[LISTED RECORDS — start]

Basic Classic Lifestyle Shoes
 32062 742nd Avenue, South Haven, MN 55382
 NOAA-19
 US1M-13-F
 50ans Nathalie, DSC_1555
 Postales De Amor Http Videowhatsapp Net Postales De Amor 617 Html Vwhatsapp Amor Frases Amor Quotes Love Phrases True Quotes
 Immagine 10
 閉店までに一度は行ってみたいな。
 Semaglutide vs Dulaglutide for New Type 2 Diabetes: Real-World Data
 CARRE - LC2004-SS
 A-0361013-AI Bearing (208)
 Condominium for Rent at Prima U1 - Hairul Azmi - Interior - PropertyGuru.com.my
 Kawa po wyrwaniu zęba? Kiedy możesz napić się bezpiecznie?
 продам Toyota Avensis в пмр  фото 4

[LISTED RECORDS — finish]

## EXERCISE PROMPT
The answer consists of the whole listing, restated exactly.

## ANSWER FOR THE TASK
Basic Classic Lifestyle Shoes
 32062 742nd Avenue, South Haven, MN 55382
 NOAA-19
 US1M-13-F
 50ans Nathalie, DSC_1555
 Postales De Amor Http Videowhatsapp Net Postales De Amor 617 Html Vwhatsapp Amor Frases Amor Quotes Love Phrases True Quotes
 Immagine 10
 閉店までに一度は行ってみたいな。
 Semaglutide vs Dulaglutide for New Type 2 Diabetes: Real-World Data
 CARRE - LC2004-SS
 A-0361013-AI Bearing (208)
 Condominium for Rent at Prima U1 - Hairul Azmi - Interior - PropertyGuru.com.my
 Kawa po wyrwaniu zęba? Kiedy możesz napić się bezpiecznie?
 продам Toyota Avensis в пмр  фото 4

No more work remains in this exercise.